---------- Extracted material ----------

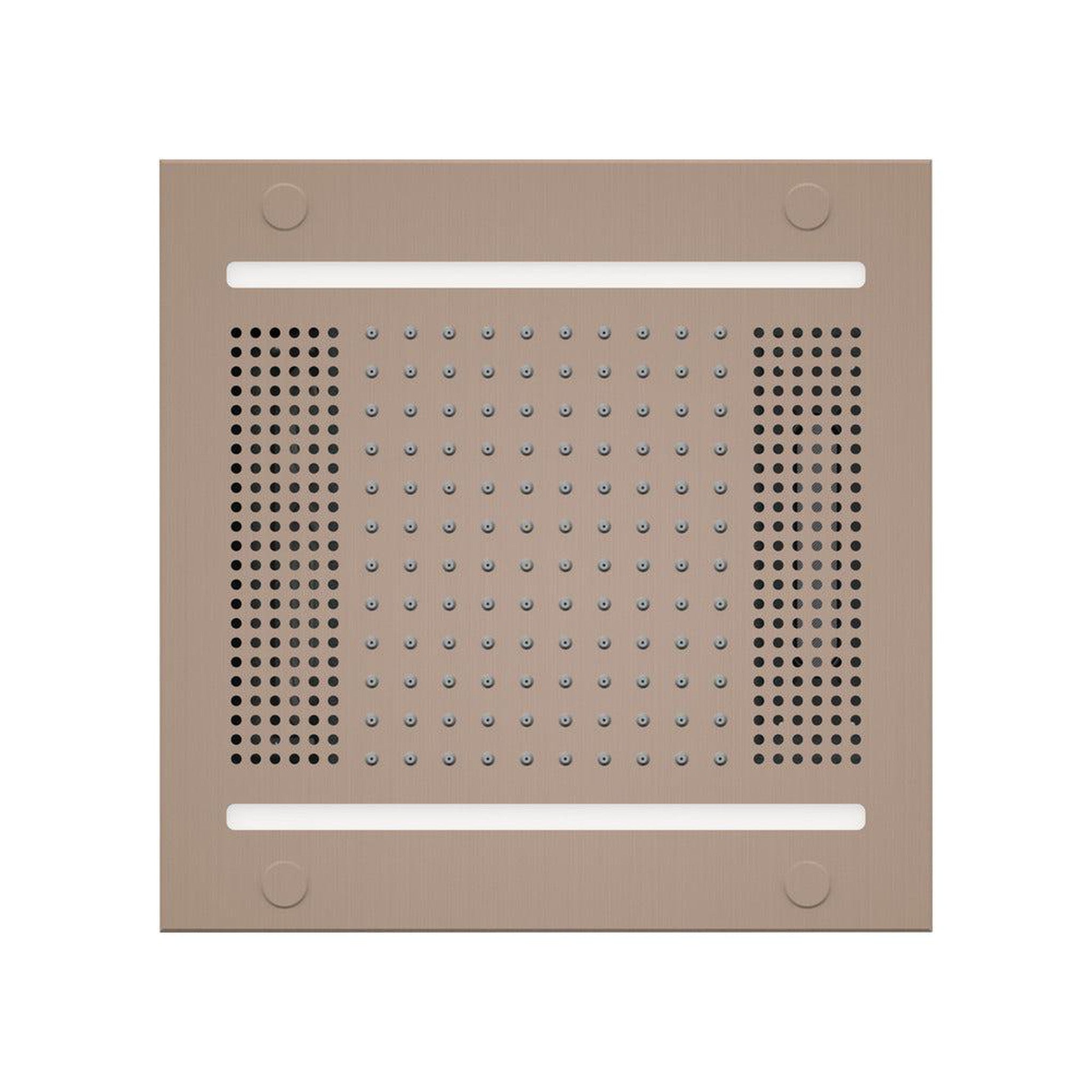 ThermaSol 14" x 14" Satin Nickel Finish Hydrovive Light, Sound and Rai ...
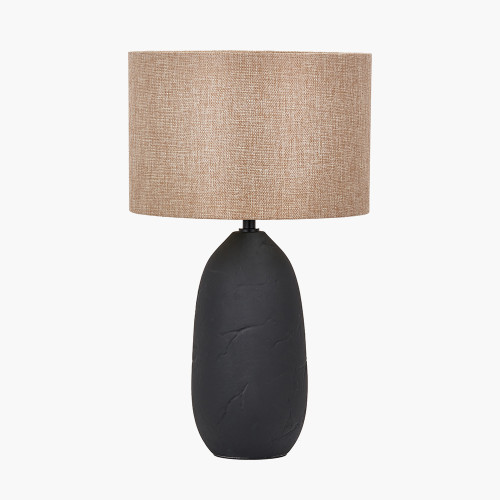 Erika Black Textured Ceramic Table Lamp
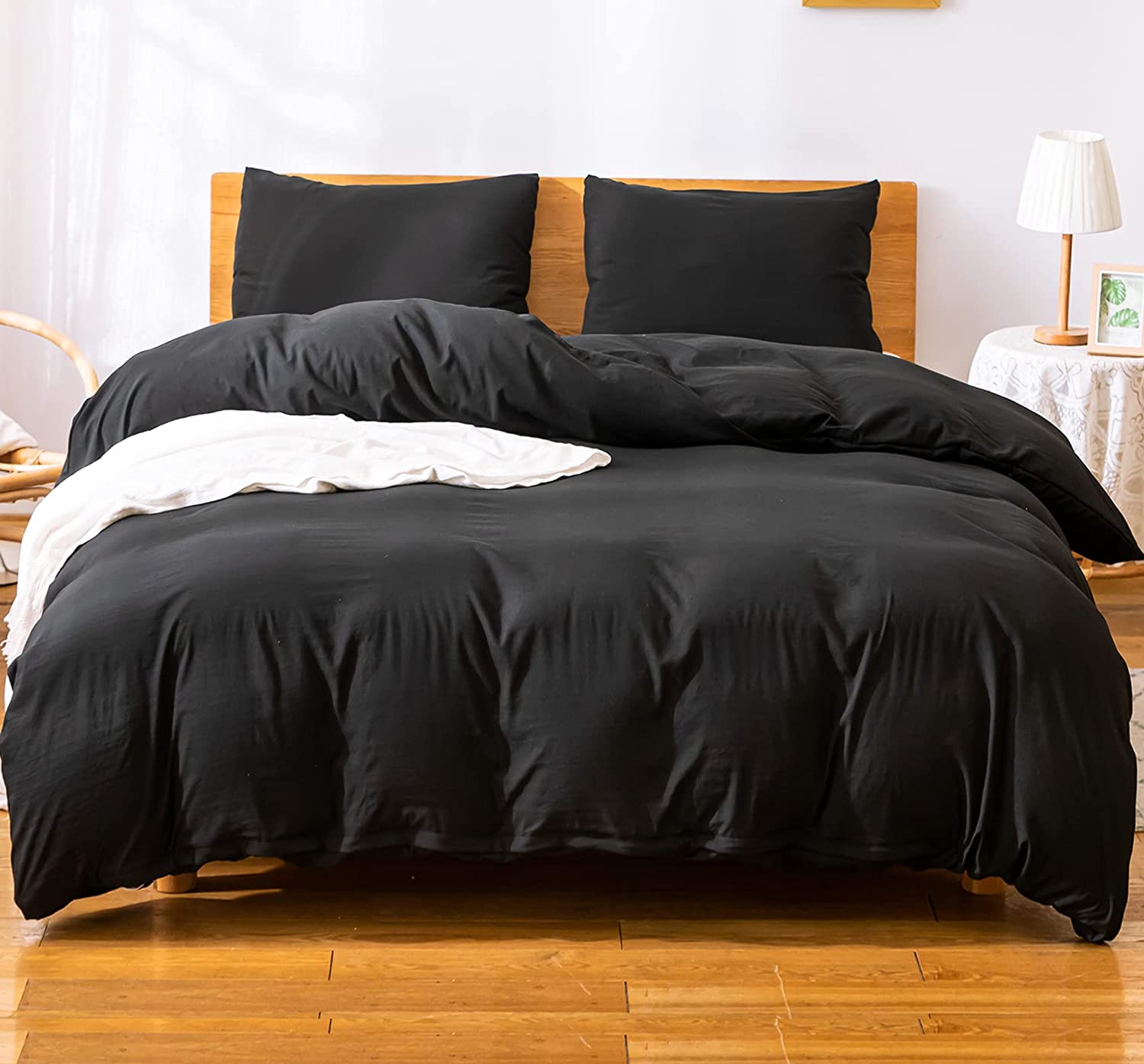 Price:$36.99 Duvet Cover Set 3 Pieces with Zipper Closure Corner Ties - Fade Stain Resistant Quilt Case Comforter Cover - Slight Wrinkled Bedding（Black Queen） : Home & Kitchen
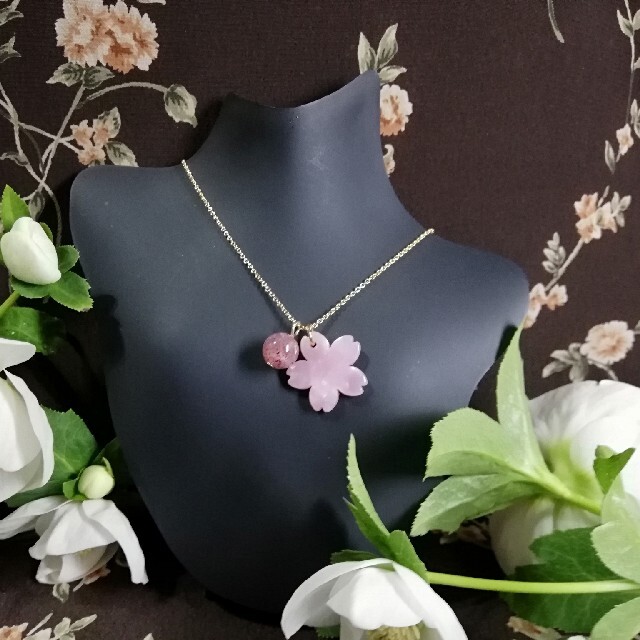 ～* 姫桜～**春ネックレス*♪～*爽やかな春へ～♪ **～+**゜*天然石♪ レディースのアクセサリー(ネックレス)の商品写真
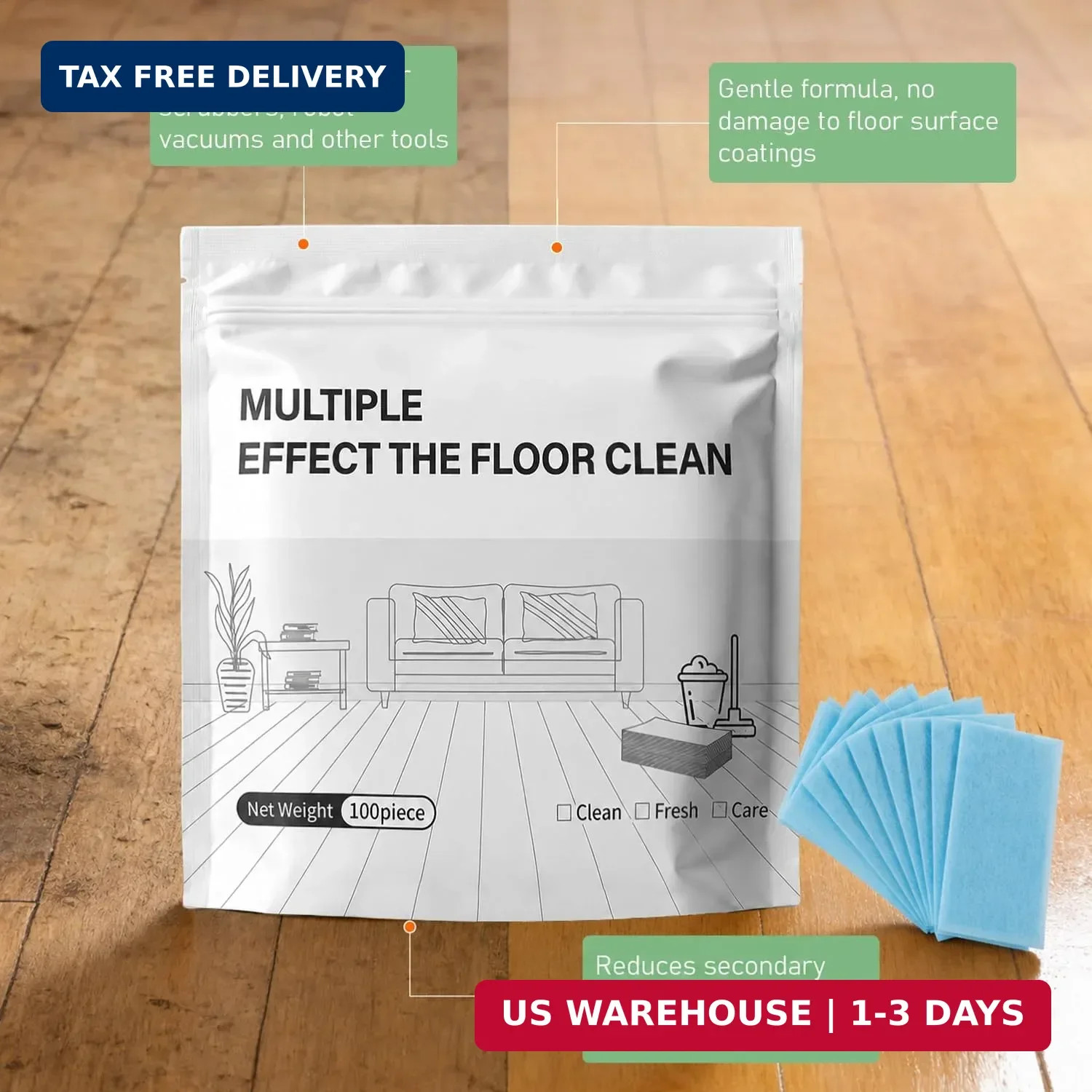 2Pcs Multi Purpose Floor Cleaning Sheet,Quick Shine Floor Cleaner,Multiple Effec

----------

**Exercise:** In the answer, the entries should be restated verbatim, with all pictures omitted.

**Exercise result:**
 ThermaSol 14" x 14" Satin Nickel Finish Hydrovive Light, Sound and Rai ...
 Erika Black Textured Ceramic Table Lamp
 Price:$36.99 Duvet Cover Set 3 Pieces with Zipper Closure Corner Ties - Fade Stain Resistant Quilt Case Comforter Cover - Slight Wrinkled Bedding（Black Queen） : Home & Kitchen
 ～* 姫桜～**春ネックレス*♪～*爽やかな春へ～♪ **～+**゜*天然石♪ レディースのアクセサリー(ネックレス)の商品写真
 2Pcs Multi Purpose Floor Cleaning Sheet,Quick Shine Floor Cleaner,Multiple Effec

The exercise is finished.